Here, section 23-1.7 (e) (1) does not apply to the facts of this case, as there has been no showing whatsoever that plaintiff's accident, which occurred in an open elevator lobby, occurred in a passageway (Verel v Ferguson Elec. Constr. Co., Inc., 41 AD3d 1154, 1157 [4th Dept 2007]; O'Sullivan, 28 AD3d at 225-226; Appelbaum, 6 AD3d at 310; Dalanna v City of New York, 308 AD2d 400, 401 [1st Dept 2003]).

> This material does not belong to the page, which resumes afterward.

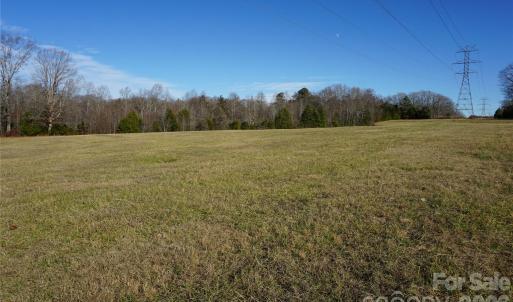 Photo #5 of 13+/-AC Ramah Church, York, SC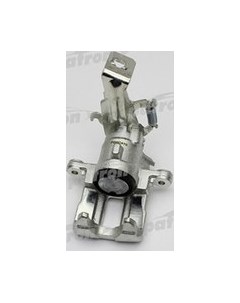 Тормозной суппорт Patron PBRC419 Патрон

To that effect, the measurements of the lobby where the accident took place, as well as photographs of the same, which were annexed to defendants' motion as exhibit G, reflect that the accident occurred in an open space/room (see Rajkumar v Budd Contr. Corp., 77 AD3d 595, 595 [1st Dept 2010] [no section 23-1.7 (e) (1) liability where plaintiff described the main lobby area where he fell as "a big open space"]; Fura v Adam's Rib Ranch Corp., 15 AD3d 948, 948 [4th Dept 2005] [section 23-1.7 (e) (1) did not apply "because plaintiff and his coworker were working in a ballroom and no one was using the area to travel from one place to another]; Canning v Barney's New York, 289 AD2d 32, 33-34 [1st Dept 2001] [area where the accident occurred was not a passageway for the purposes of section 23-1.7 (e) (1), as it was located "within the inner wall at the approximate center of the building"]; Alvia v Teman Elec. Contr., 287 AD2d 421, 423 [2d Dept 2001] [no section 23-1.7 (e) (1) liability where the plaintiff tripped on plywood while walking through an 8th floor space at the construction site]; Lenard v 1251 Ams. Assoc., 241 AD2d 391, 392 [1st Dept 1997] [open space on the 41st floor of an office building where the accident occurred was not a passageway for the purposes of section 23-1.7 (e) (1) liability]; compare Rossi v 140 West JV Manager LLC, 171 AD3d 668, 668 [1st Dept 2019] ["[t]he area where plaintiff fell was, by definition, a passageway, as he tripped over . . . demolition debris along the only route he could take to return to his work area"]).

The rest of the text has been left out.